The series `COVID['cases']` is essentially a `numpy` array containing the cumulative case counts over time. The COVID19 case data  is cumulative, but we would like to see the number of new cases per day (i.e. as in [this kind of plot](https://www.google.com/search?q=covid+stats)). Check the documentation for the `np.diff` function and figure out what it does. Use it appropriately to construct a new array, called `per_day`, giving the number of new cases per day. Then, make a new array called `per_day_date` that gives the appropriate date for each case count. In particular, you will need to ensure that `per_day` and `per_day_date` have the same shape. 

In [None]:
# your solution here

## Part B

Create a figure with two very wide axes, one on top of the other (i.e. two rows, one column). Use the `sharex` argument of `plt.subplots()` to ensure that these two plots will share the same horizontal axis. 

Then: 

1. On the upper axis, plot the Dow Jones Industrial Average over time. For the horizontal axis use `DJI['date']`; the for the vertical use `DJI['Close']`. 
2. On the lower axis, plot the variables `per_day_date` and `per_day` to visualize the progress of the COVID19 pandemic over time. Use a different color for the time series. 
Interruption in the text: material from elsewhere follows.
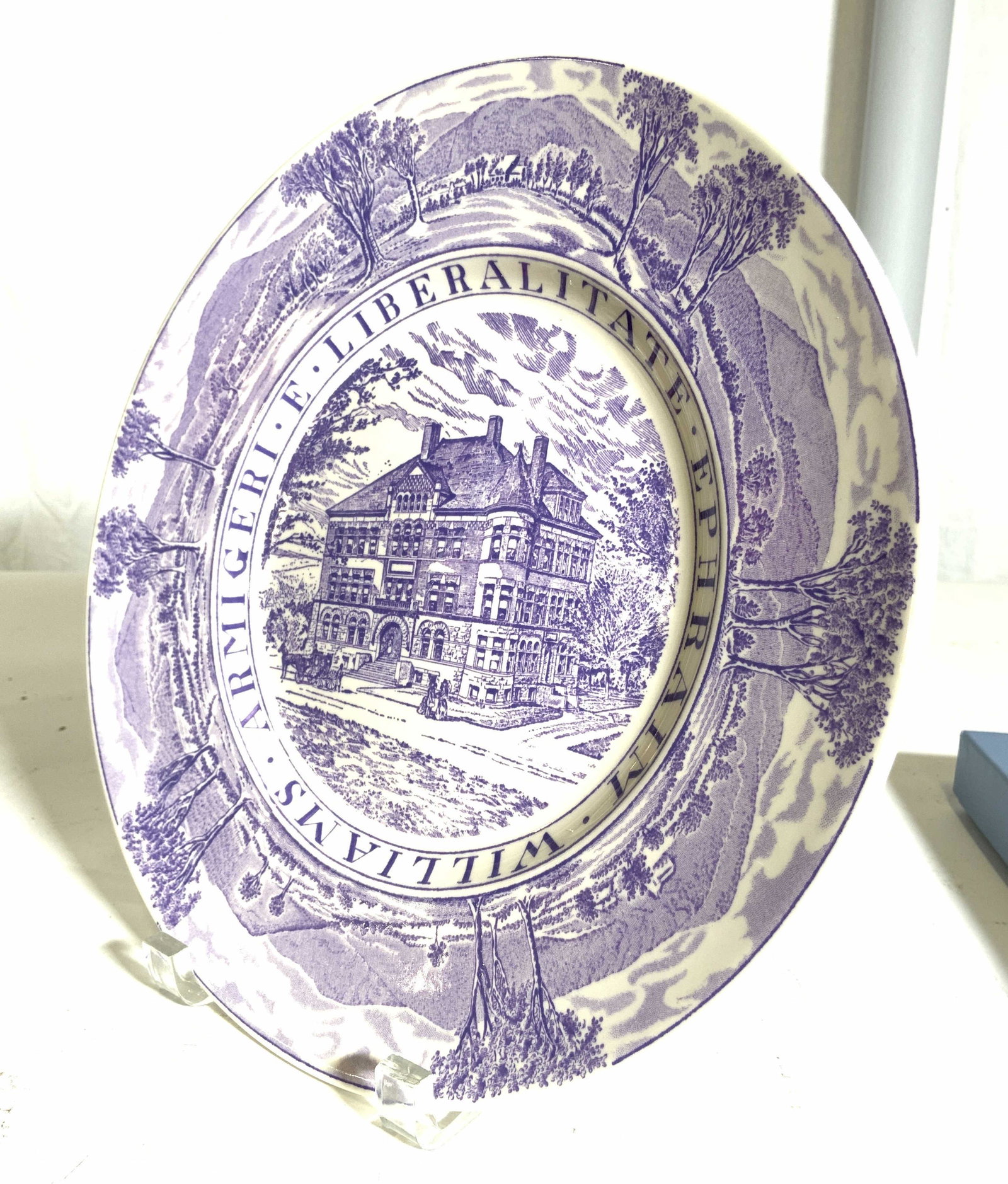 WEDGWOOD Williams College Porcelain Plate & Box: Underside of plate is marked WEDGWOOD EARTHENWARE MADE IN ENGLAND WILLIAMS COLLEGE HOPKINS HALL. Lot includes plate and original box. Plate has printed detail of Hopkins hall architecture in center an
Give your plot horizontal and vertical axis labels. 

In [None]:
#your code here

## Part C

The command 

```
ax[0].axvspan(datetime.datetime(2020,6,1),
              datetime.datetime(2020,6,30), 
              alpha = .3, 
              color = "gray")
```

will add a simple rectangular shade which can be used to highlight specific portions of a time-series. In the given code, this shade runs through the month of June 2020. Add at least two such rectangular shades to your figure corresponding to important time intervals. You can put two shades on one axis, or one on each. If you're not sure what time periods are important, just choose intervals at random. Feel free to modify the color and transparency as desired. You can modify your figure code from Part B -- no need for copy/paste. 

## Part D

The command 

```
ax[0].text(datetime.datetime(2020,9,15), 
           22000, 
           "penguins?\npenguins!")
```

will add a fun text annotation to your plot, with the first letter in horizontal position corresponding to September 15th, and at vertical position 22,000. Annotate each of your shaded regions with a few words describing their significance. Again, just modify your Part B code. 

## Part E

Add an overall title, spruce up your axis labels, and add anything else you think will make the plot look good. Again, you can just modify your Part B code, without copy/paste. 

Then, submit a job application at www.FiveThirtyEight.com and show Nate Silver your cool data visualization.